BEGIN Entries provided

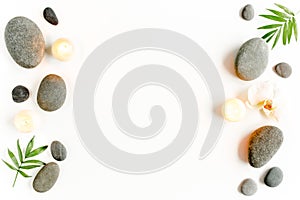 Spa stones, palm leaves, flower white orchid, candle and zen like grey stones on white background. Flat lay, top view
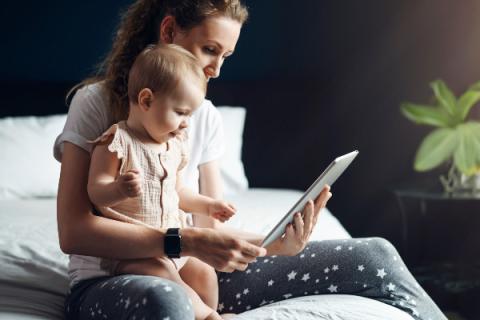 a mom and baby looking at a tablet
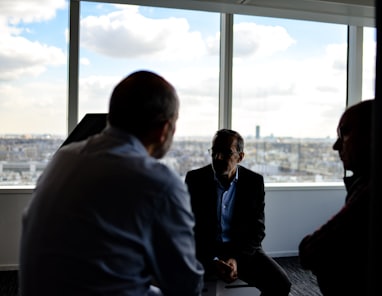 people sitting near window having conversations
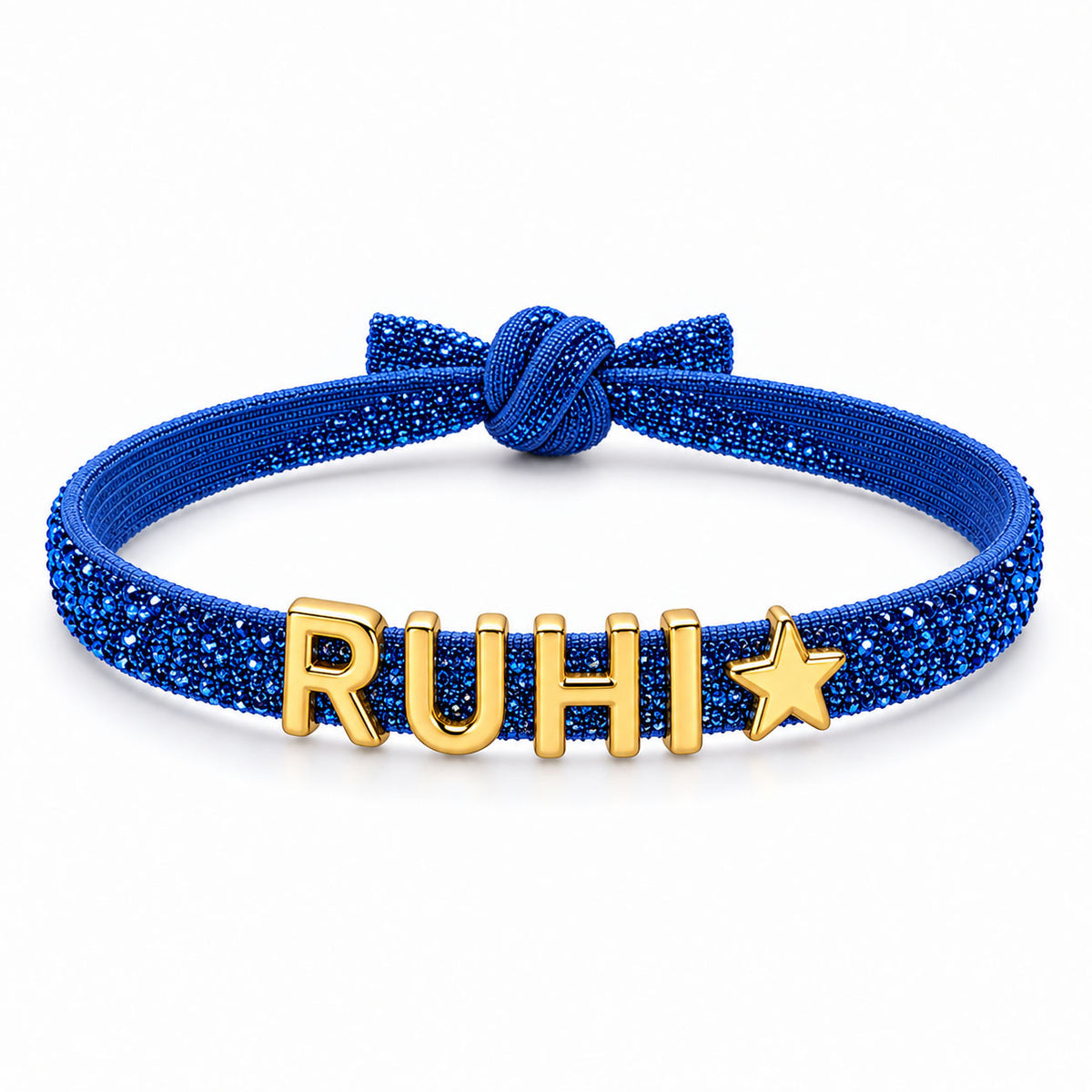 Blue glittery adjustable bracelet featuring a knot detail and gold-tone RUHI letter charms with a star charm at the end.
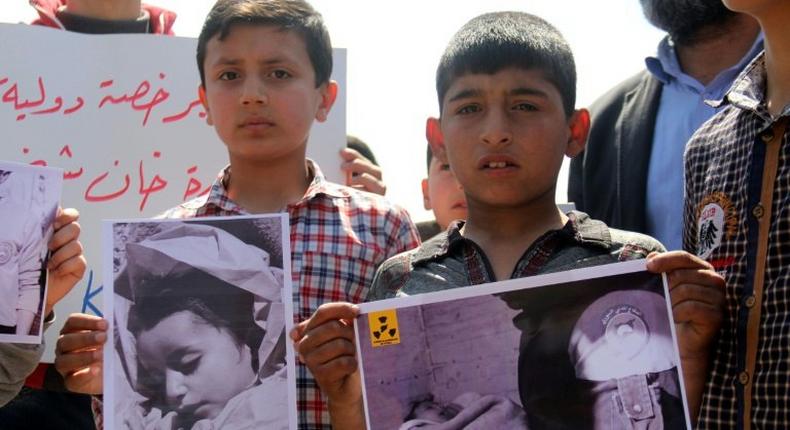 Syrian residents of Khan Sheikhun hold placards and pictures on April 7, 2017 during a protest condemning a suspected chemical weapons attack on their town that killed at least 86 people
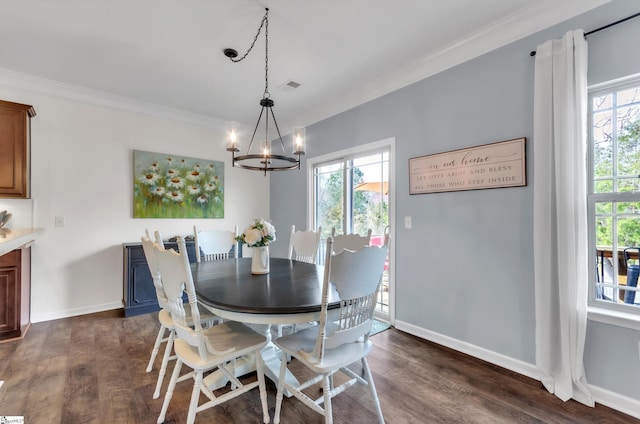 dining room featuring dark wood finished floors, baseboards, visible vents, and a wealth of natural light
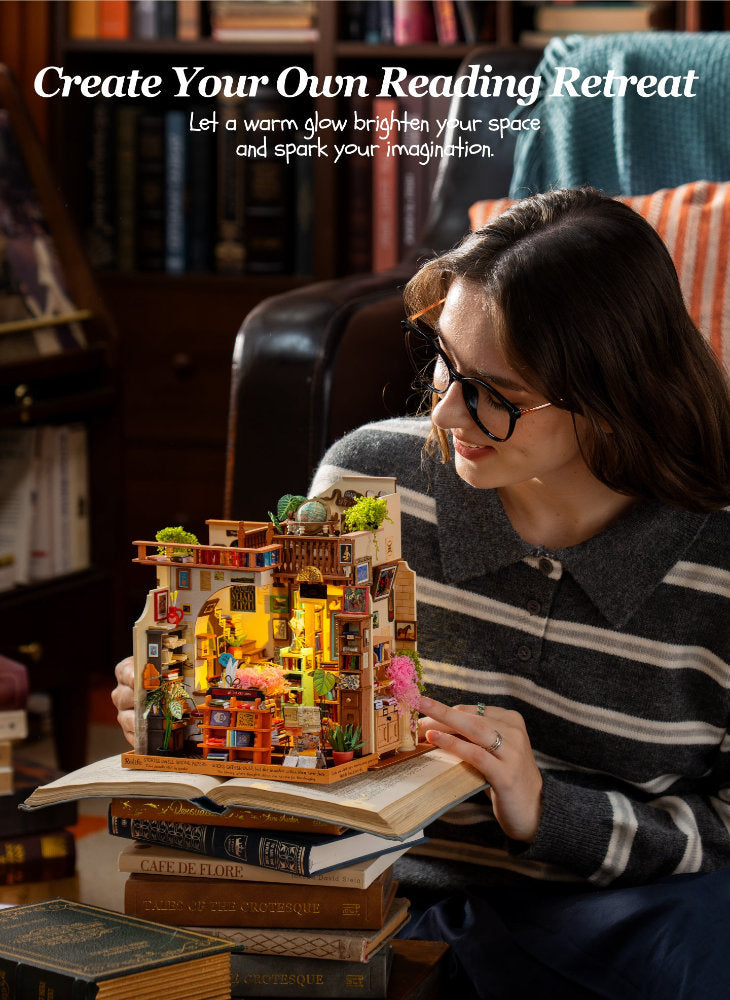 A woman in a striped sweater and glasses holds a miniature reading nook model built on top of open books in a cozy library setting. The scene includes text at the top reading 'Create Your Own Reading Retreat'.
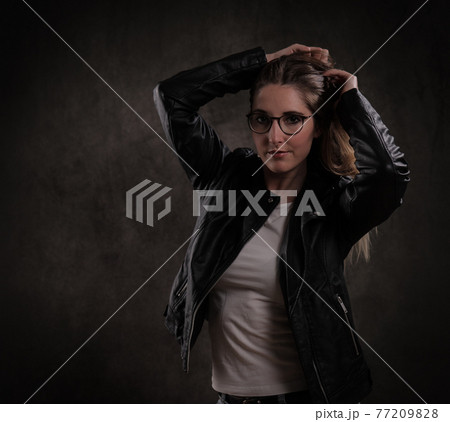 Attractive young woman poses for the camera Attractive young woman poses for the camera 77209828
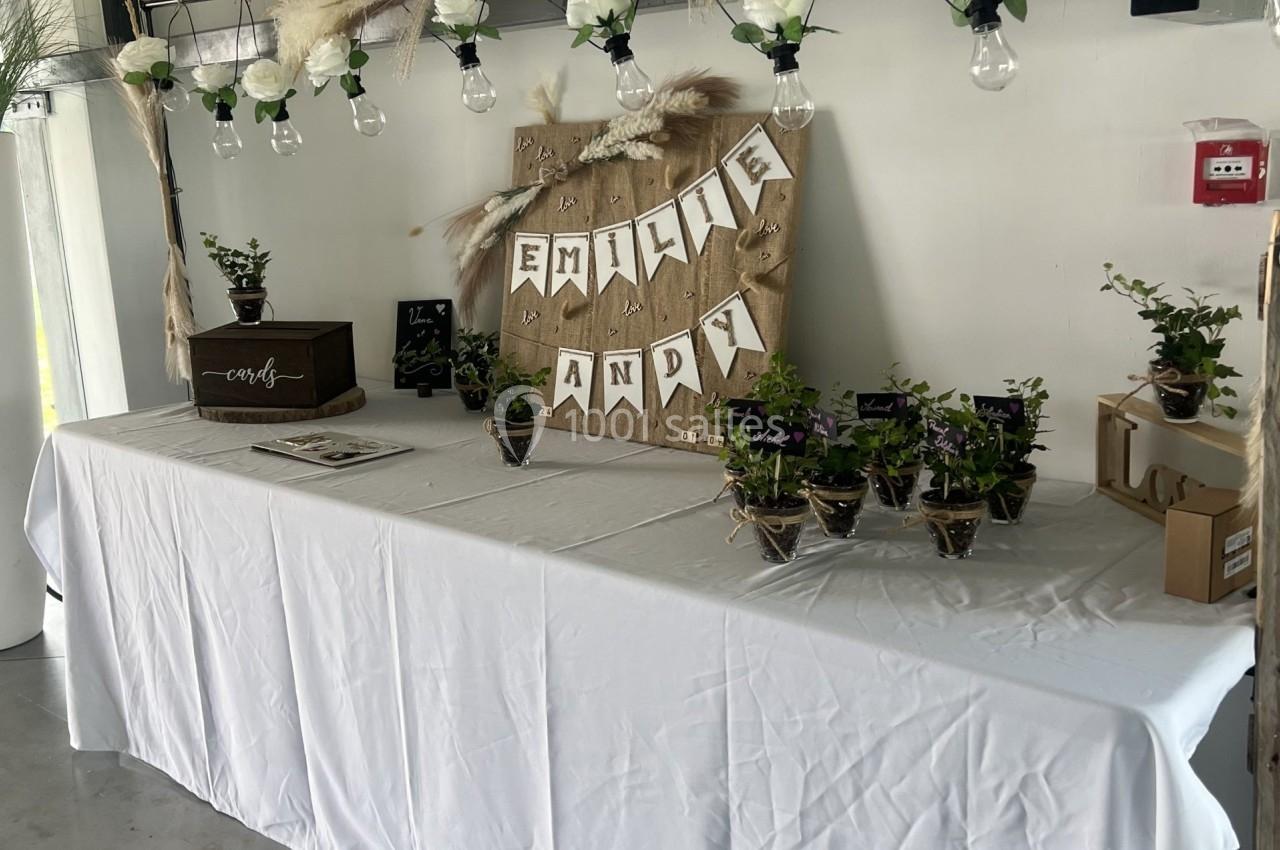 Table décorée pour un événement avec guirlande de fleurs, pots de plantes et une bannière ’Emilie Andy’.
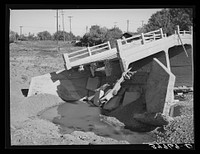 Detail of bridge washed out by recent flood of Sacramento River in Tehama County, California by Russell Lee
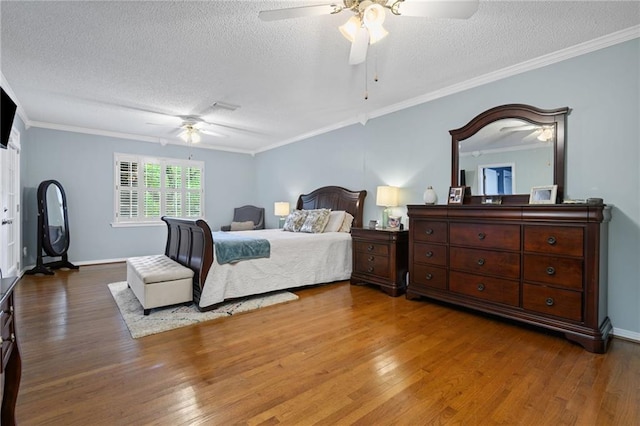 bedroom with ceiling fan, a textured ceiling, ornamental molding, and wood finished floors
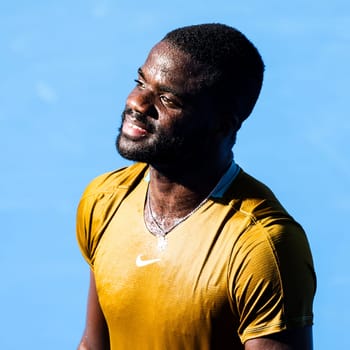 MELBOURNE, AUSTRALIA - JANUARY 10: Frances Tiafoe of USA reacts whilst playing against Zhang Zhi Zhen of China during day one of the 2024 Kooyong Classic at Kooyong on January 10, 2024 in Melbourne, Australia.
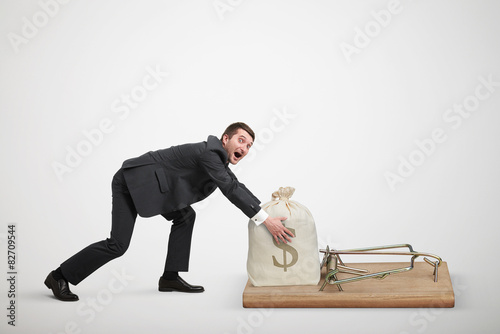 Vászonkép man reaching his hands to take bag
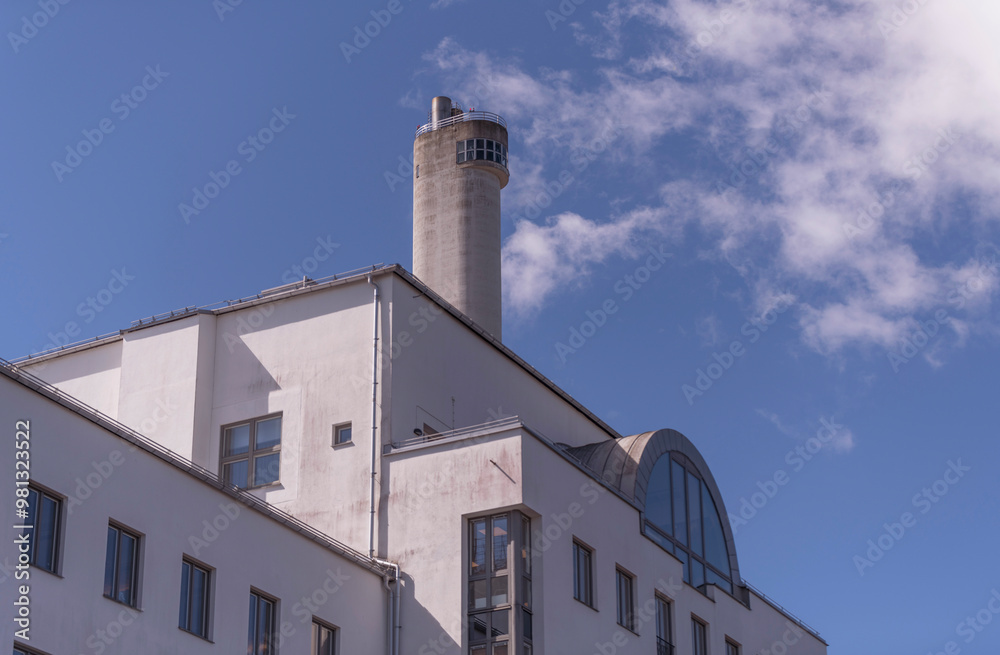 Different shapes of house facades and a chimney with outlook, a sunny summer day in Stockholm Different shapes of house facades and a chimney with outlook, a sunny summer day in Stockholm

END Entries provided

▶ **About this task**
From the line containing "bedroom with ceiling" to the last line of the entries, output every line exactly as written, but leave out the pictures.

▶ **Exercise output**
 bedroom with ceiling fan, a textured ceiling, ornamental molding, and wood finished floors
 MELBOURNE, AUSTRALIA - JANUARY 10: Frances Tiafoe of USA reacts whilst playing against Zhang Zhi Zhen of China during day one of the 2024 Kooyong Classic at Kooyong on January 10, 2024 in Melbourne, Australia.
 Vászonkép man reaching his hands to take bag
 Different shapes of house facades and a chimney with outlook, a sunny summer day in Stockholm Different shapes of house facades and a chimney with outlook, a sunny summer day in Stockholm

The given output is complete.